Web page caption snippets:
········

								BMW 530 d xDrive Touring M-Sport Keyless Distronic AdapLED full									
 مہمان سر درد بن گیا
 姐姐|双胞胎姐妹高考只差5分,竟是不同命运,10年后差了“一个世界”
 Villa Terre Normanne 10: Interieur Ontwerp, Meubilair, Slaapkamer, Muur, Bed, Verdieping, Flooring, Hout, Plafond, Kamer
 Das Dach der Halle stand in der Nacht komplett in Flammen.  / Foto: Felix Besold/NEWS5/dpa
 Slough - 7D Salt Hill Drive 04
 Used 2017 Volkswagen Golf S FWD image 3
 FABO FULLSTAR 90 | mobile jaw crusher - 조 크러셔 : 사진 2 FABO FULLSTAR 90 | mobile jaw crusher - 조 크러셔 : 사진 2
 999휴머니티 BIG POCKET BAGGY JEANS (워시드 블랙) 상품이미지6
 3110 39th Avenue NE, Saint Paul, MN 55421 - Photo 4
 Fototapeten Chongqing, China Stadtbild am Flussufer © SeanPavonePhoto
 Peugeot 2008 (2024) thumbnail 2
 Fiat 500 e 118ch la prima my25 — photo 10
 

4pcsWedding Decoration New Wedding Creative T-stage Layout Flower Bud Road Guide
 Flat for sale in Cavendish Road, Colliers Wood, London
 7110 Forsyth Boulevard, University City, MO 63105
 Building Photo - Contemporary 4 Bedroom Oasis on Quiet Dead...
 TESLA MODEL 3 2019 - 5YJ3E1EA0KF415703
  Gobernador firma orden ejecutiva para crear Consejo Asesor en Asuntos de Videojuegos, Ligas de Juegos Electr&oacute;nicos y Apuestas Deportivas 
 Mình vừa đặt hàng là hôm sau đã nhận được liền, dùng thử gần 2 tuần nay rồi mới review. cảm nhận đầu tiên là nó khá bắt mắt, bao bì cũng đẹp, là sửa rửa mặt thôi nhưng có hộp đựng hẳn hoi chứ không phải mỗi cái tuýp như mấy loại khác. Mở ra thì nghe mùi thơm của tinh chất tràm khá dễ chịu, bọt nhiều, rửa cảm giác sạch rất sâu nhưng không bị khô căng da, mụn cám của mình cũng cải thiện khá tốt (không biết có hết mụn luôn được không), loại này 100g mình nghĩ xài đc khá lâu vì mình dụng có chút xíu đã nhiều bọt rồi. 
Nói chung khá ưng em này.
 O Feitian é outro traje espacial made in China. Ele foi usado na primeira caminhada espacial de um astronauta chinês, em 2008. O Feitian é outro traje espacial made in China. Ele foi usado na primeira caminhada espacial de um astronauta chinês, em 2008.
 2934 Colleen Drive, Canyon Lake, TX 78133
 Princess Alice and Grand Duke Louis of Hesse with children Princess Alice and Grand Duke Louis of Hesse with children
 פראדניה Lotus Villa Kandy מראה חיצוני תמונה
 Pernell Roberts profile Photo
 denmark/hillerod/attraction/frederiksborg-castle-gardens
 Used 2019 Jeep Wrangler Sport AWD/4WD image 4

········

EXERCISE DETAILS: Beginning at the first line of the records, give again each line exactly as written, ending with the line that contains "Villa Terre Normanne".

REPLY TO THE TASK:
								BMW 530 d xDrive Touring M-Sport Keyless Distronic AdapLED full									
 مہمان سر درد بن گیا
 姐姐|双胞胎姐妹高考只差5分,竟是不同命运,10年后差了“一个世界”
 Villa Terre Normanne 10: Interieur Ontwerp, Meubilair, Slaapkamer, Muur, Bed, Verdieping, Flooring, Hout, Plafond, Kamer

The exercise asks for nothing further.